この回は掲載時に大変な間違いで、gakuya-132.jpg大里城、落ちたと描いてしまいました。最後まで落ちませんでした。大里城関係の皆様、ごめんなさい。
描きなおしました。

政宗が小田原に行っている間、成実が留守を預かっていました。
知恵の小十郎と部の成実というキャラがステレオタイプ強化されると、
成実が武ばかりであんまり賢くない描かれ方をしてしまいます。

政宗に同行を願ったらしい成実がなぜ小田原に行かなかったのかを考えると、政宗が小田原で殺された場合、伊達を仕切れるのは成実だという家中の認識がうかがえます。

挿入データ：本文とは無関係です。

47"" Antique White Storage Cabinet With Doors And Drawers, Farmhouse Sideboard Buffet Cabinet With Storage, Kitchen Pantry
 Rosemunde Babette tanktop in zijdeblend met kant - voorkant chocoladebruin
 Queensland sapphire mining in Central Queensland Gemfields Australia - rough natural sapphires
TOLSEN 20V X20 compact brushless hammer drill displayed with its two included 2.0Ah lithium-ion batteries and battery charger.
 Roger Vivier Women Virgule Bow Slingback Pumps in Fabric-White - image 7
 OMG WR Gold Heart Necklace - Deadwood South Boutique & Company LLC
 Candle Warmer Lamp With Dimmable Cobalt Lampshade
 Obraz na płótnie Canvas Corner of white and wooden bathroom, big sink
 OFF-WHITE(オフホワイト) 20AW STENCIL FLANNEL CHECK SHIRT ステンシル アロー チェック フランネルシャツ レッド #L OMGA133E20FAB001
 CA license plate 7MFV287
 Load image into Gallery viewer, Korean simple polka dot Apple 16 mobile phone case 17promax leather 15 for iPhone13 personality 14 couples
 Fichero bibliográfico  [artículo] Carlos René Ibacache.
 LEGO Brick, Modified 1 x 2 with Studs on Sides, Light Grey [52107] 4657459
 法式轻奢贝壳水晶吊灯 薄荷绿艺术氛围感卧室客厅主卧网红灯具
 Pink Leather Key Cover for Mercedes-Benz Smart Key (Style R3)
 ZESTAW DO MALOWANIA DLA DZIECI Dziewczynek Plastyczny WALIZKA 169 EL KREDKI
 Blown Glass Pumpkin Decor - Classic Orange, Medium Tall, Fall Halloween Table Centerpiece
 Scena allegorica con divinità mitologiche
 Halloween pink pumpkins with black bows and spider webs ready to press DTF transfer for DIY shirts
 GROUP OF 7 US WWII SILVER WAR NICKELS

また、何故小次郎を排除したかについて、小次郎を擁立する派閥の危険ということに加え、成実の下に集権しやすくするため、とは考えられないでしょうか。

政宗がいない間の成実の働きは見事です。
領内の騒動は、ただひとりの処罰...処刑ですが...で収めてしまいます。
この流言の源を突き止める手腕はすごい。
朋輩や兄弟を訴人する者たちへの領地の分配も見事。
そうして、大里城への刺客の送り込みも...。

私は政宗の周りを見て、血筋と実力を備えた「もうひとりの政宗」がいるなあと時々思うことがあります。
世代は違いますが、立場を得れば留守政景。もうひとりが伊達成実です。
ただこのふたりは、ともに輝宗が拉致されて横死する現場にいた、政宗に対して生涯の負い目を持つふたりでもあるのです。

日本史をざっとみると、小田原に政宗が行って詫びを入れて日本は統一されたかに思えますが、まだまだです。